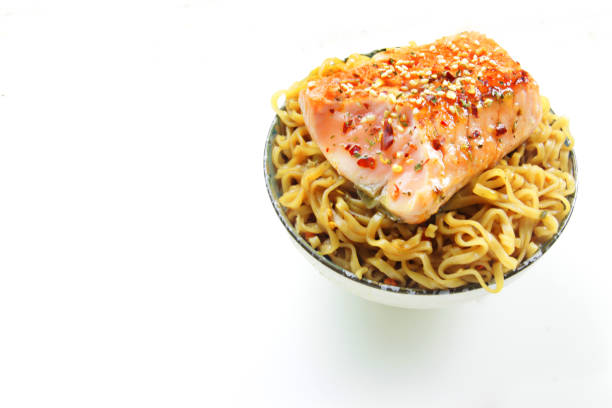 healthy bowl of grilled salmon with oriental noodles with copy space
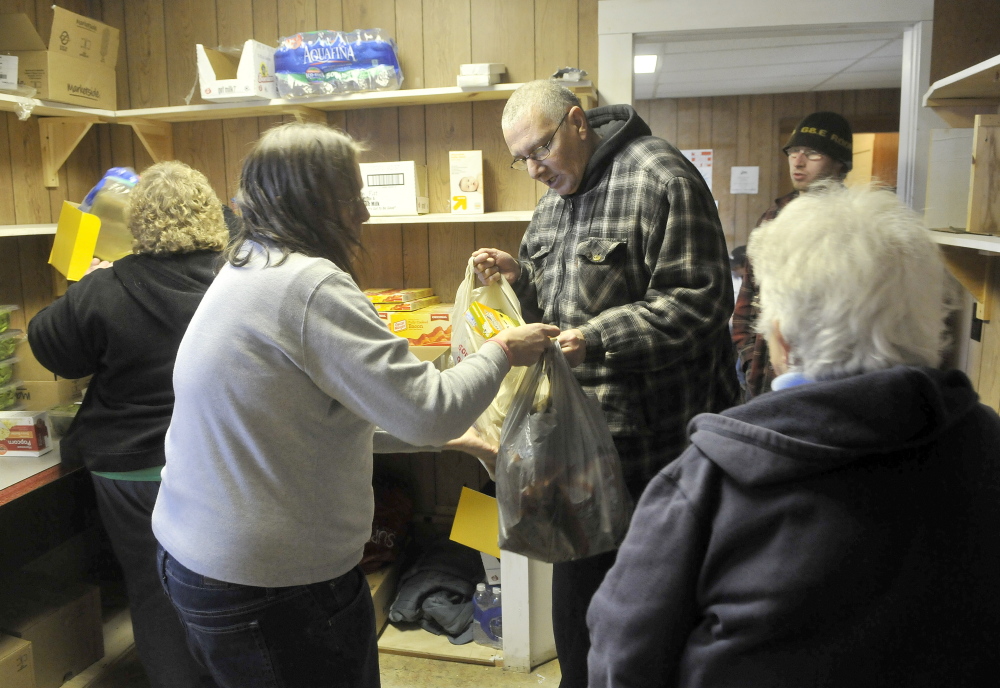 FOOD FOR FOLKS: Joe Lessard, 49, of Benton, center facing, receives bags of food from volunteers at the First Baptist Church food pantry in Fairfield on Thursday.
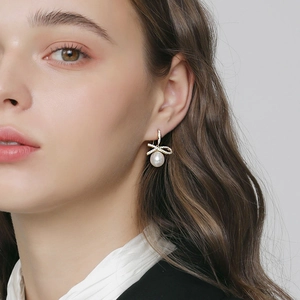 Elegant gold bow earrings with crystal pavé and white pearls worn by model
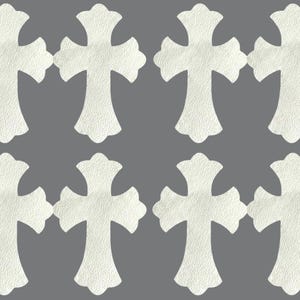 May include: Eight identical white cross-shaped patches arranged in two rows of four. Each cross features a textured surface with rounded, flared ends and a central vertical and horizontal bar design, presented against a solid gray background.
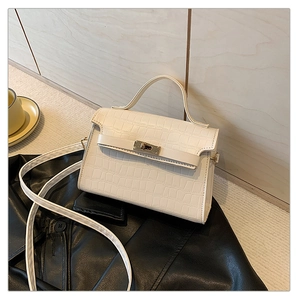 Detail of creamy white crocodile pattern handbag with golden twist lock on black surface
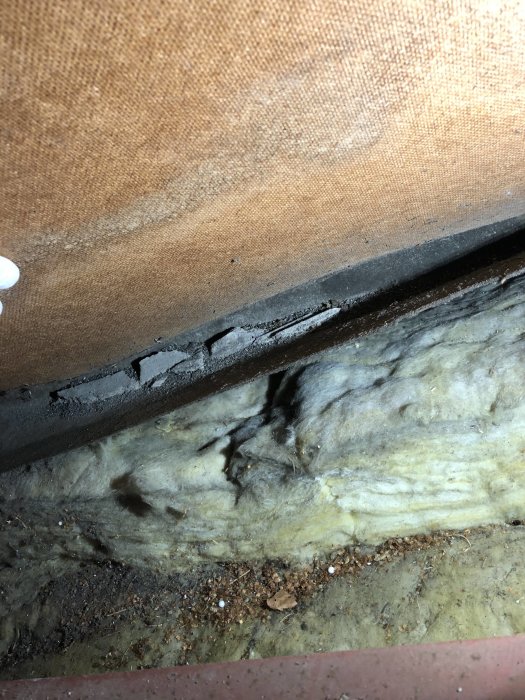 Bild på vindpapp som släppt med synligt grus och frökapslar på isolering i en vind.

■ **Task directions**:
Return every entry of the data above verbatim, with no images included.

■ **Answer box**:
 healthy bowl of grilled salmon with oriental noodles with copy space
 FOOD FOR FOLKS: Joe Lessard, 49, of Benton, center facing, receives bags of food from volunteers at the First Baptist Church food pantry in Fairfield on Thursday.
 Elegant gold bow earrings with crystal pavé and white pearls worn by model
 May include: Eight identical white cross-shaped patches arranged in two rows of four. Each cross features a textured surface with rounded, flared ends and a central vertical and horizontal bar design, presented against a solid gray background.
 Detail of creamy white crocodile pattern handbag with golden twist lock on black surface
 Bild på vindpapp som släppt med synligt grus och frökapslar på isolering i en vind.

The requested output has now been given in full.